This task is close to a real Dirac problem we had to solve and gives you a taste for software engineering here.
You are building a key part of the new product tracking system at Dirac - deduplication. Every product has a barcode. We expect to ingest ~100,000 products into this new system in the next month, and if the system works then it will be many more! We will be ingesting price lists, scraping websites, manually adding products. We have lots of different sources - barcodes are the unique identifiers. We need a clean way of adding barcodes so we can match them. Barcodes are not simple identifiers though, there are different types (EAN,UPC...), but we never receive the barcode type with the data.
Your task is to build something to upsert products into this table. That means we need them deduplicated. For now, only do this by barcode matching.
Ingesting products for price comparisons is the bottleneck for the Operations team, so we need this yesterday. That means it needs to work in production, not just on your laptop.
Here is the kicker - we need all of the product ingesting code to be in database. This reflects how we code at Dirac and also will mean LLMs take you down some dark alleys...
Here are some docs that might help. https://www.geeksforgeeks.org/postgresql/postgresql-introduction-to-stored-procedures/ https://pgtap.org/ If you need a hand understanding what in database means, reach out for a hint.

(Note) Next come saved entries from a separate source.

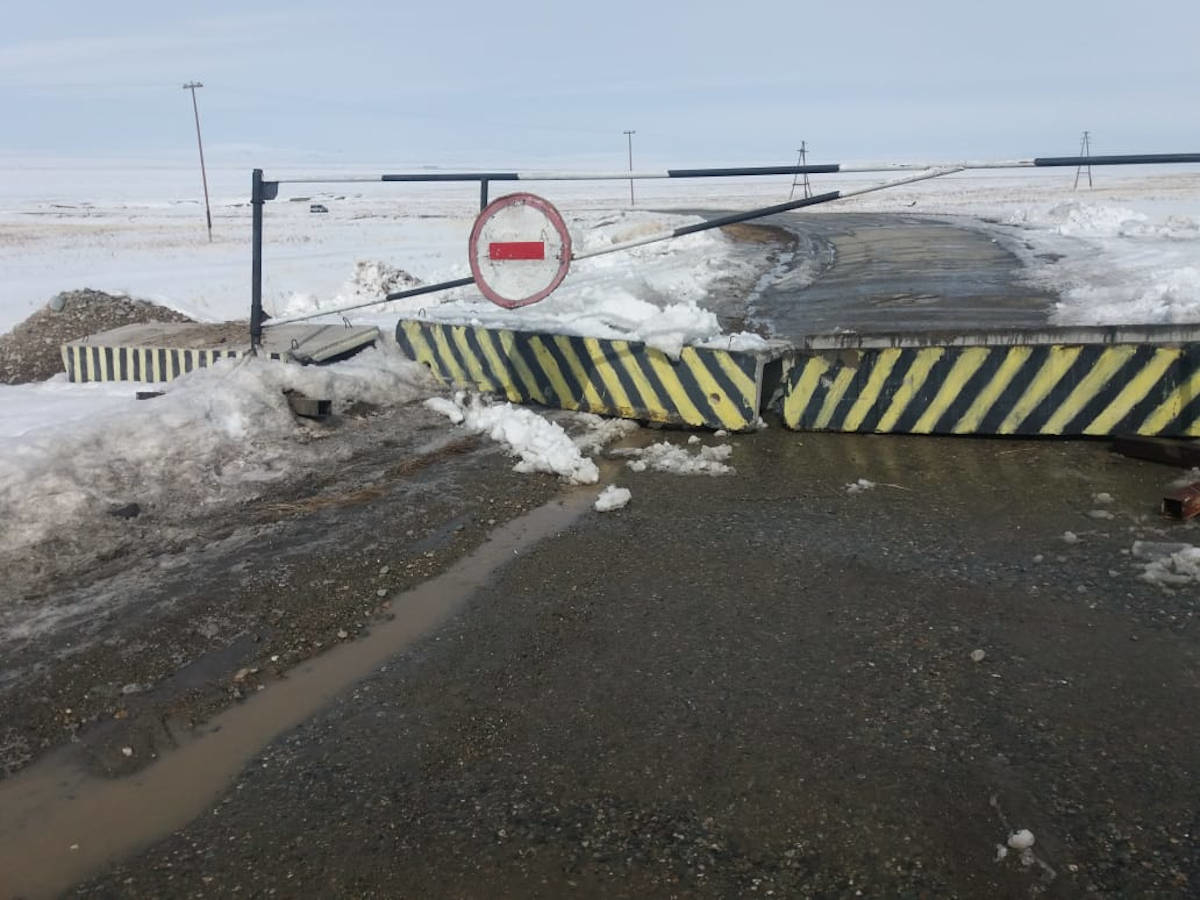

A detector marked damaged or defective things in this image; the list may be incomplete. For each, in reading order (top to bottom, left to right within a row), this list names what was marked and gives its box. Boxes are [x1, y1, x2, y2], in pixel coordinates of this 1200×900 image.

rusty metal piece [1156, 482, 1200, 518]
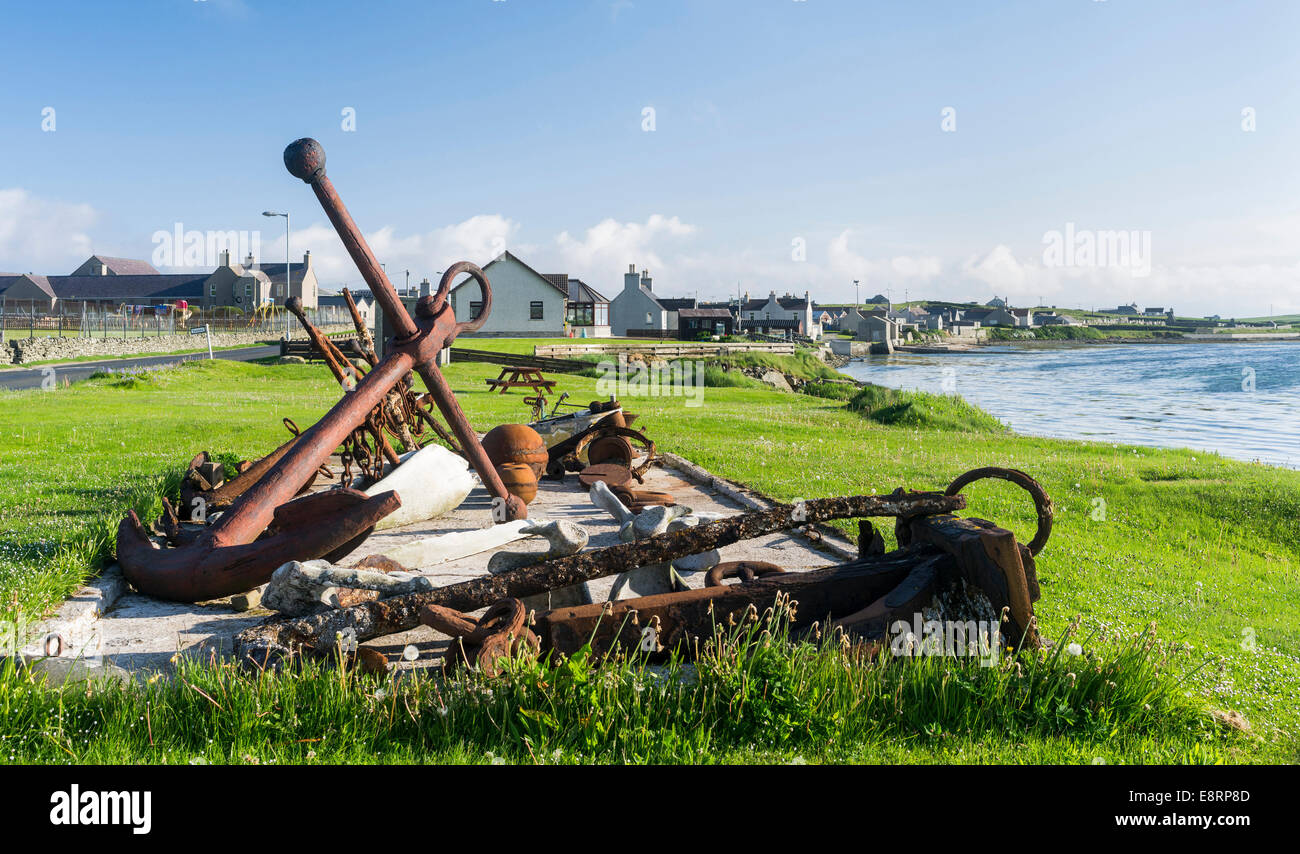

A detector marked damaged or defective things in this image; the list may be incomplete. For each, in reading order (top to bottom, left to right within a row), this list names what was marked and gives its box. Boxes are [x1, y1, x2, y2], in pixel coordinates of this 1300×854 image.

rusted metal artifact [115, 139, 520, 600]
rusty anchor [117, 139, 528, 600]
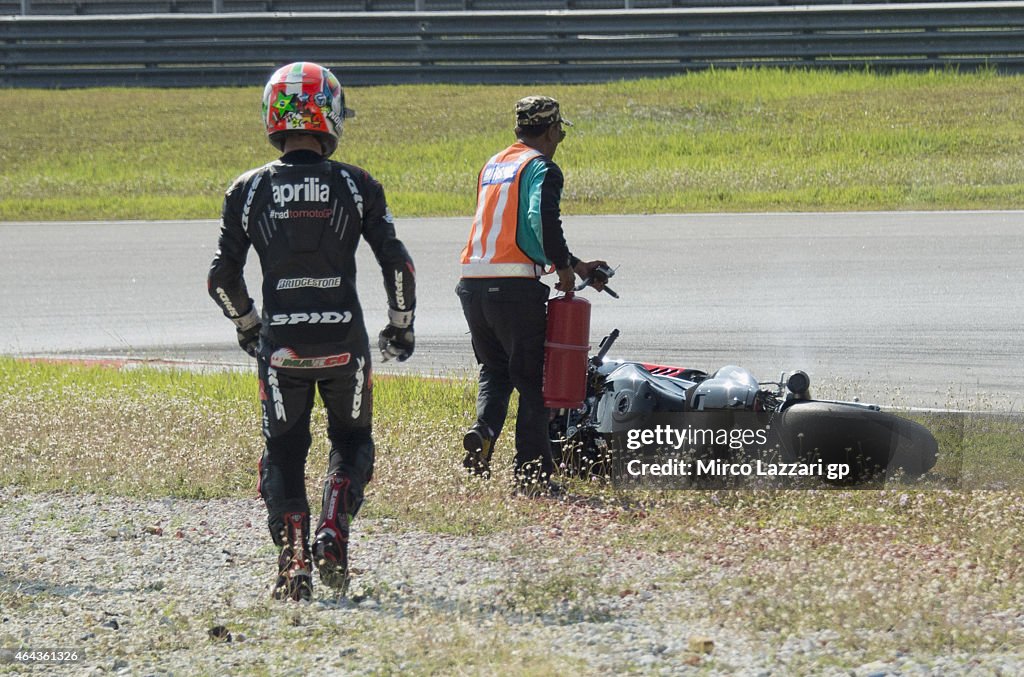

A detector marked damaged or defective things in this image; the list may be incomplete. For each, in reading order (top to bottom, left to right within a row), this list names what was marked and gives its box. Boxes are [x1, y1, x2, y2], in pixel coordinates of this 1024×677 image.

crashed motorcycle [548, 272, 940, 488]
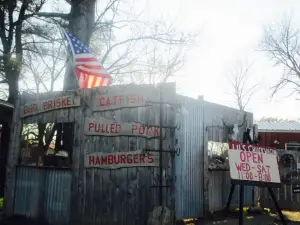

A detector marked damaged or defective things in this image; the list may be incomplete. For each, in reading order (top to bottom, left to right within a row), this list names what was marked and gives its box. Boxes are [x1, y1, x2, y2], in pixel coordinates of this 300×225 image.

rusted metal siding [13, 166, 71, 224]
rusted metal siding [175, 96, 205, 219]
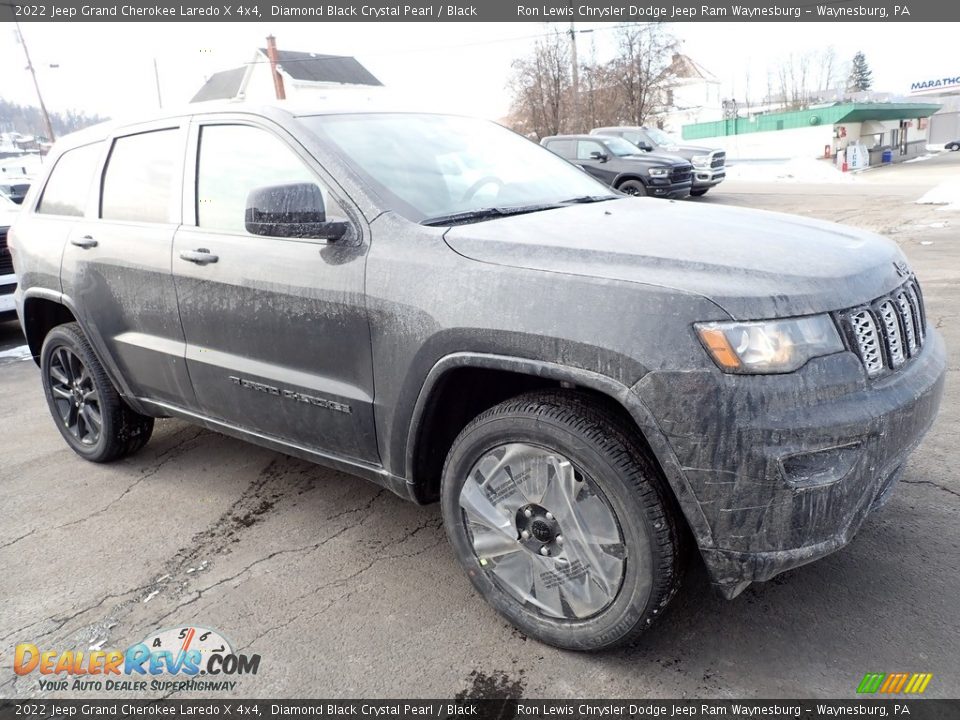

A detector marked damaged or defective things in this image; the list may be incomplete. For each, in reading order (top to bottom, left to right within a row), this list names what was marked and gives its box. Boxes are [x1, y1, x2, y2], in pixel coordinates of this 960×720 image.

cracked asphalt [0, 150, 956, 696]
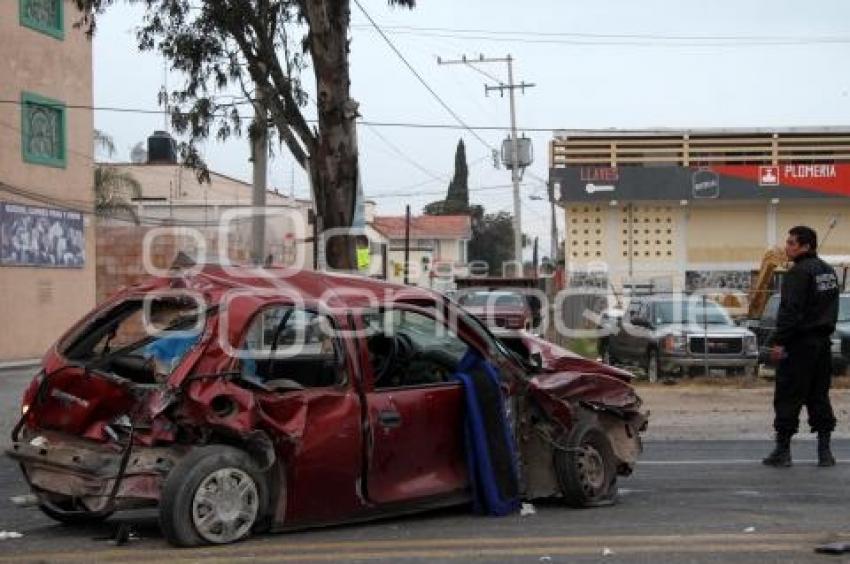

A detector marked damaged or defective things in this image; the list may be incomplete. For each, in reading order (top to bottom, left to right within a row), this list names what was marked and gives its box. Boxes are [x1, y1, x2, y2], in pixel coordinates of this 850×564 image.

crumpled rear bumper [7, 432, 184, 512]
wrecked red car [6, 266, 644, 548]
damaged car door [358, 308, 468, 506]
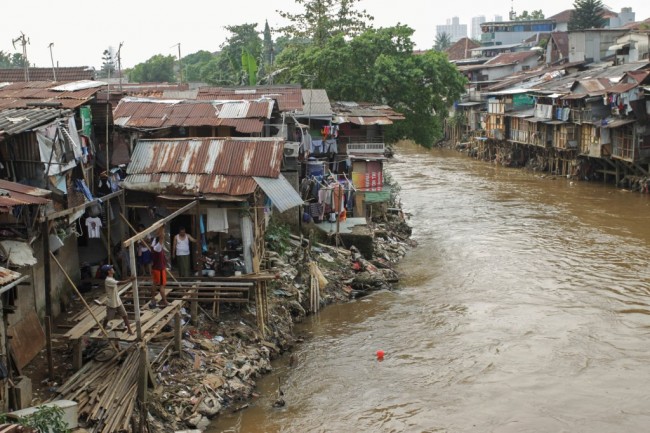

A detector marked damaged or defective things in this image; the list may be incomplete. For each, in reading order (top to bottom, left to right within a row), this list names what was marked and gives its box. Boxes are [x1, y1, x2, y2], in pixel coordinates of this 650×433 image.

rusty corrugated roof [111, 97, 270, 132]
rusty corrugated roof [197, 84, 302, 111]
rusty corrugated roof [123, 138, 282, 197]
rusty corrugated roof [0, 179, 50, 213]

This task should test your coding chops, but it is really about engineering tradeoffs. What edge cases do we need to consider? Is your code maintainable? Will it handle scale? Does that matter? Does it work? How do you know it works?
We expect you to use an LLM for this task (although you don't have to). Try to tell us how you used it to help you and why.
Try and get what you can done in one working days worth of hours.
we think this is a pretty cool thing to build - you might find it interesting Make an MCP tool (using any language you like) that will expose the database with permissions that only allow the LLM to use your methods for ingestion without access to the underlying tables.
I have provided:
- A docker compose that will set up the database
- goose for migrations
- A starter migration with a simple product table
Mirror this repo (make sure it is private!), share it with me and get to work!
- the code
- a demo explaining your solution (I used [kommodo](https://kommodo.ai/recordings for this) recently for this)
- a document explaining in detail the engineering decisions you took and why
Either in the video or the document you must explain how you used the LLM to help you - using an LLM well is a good thing. If you don't understand what you have built, that is a bad thing.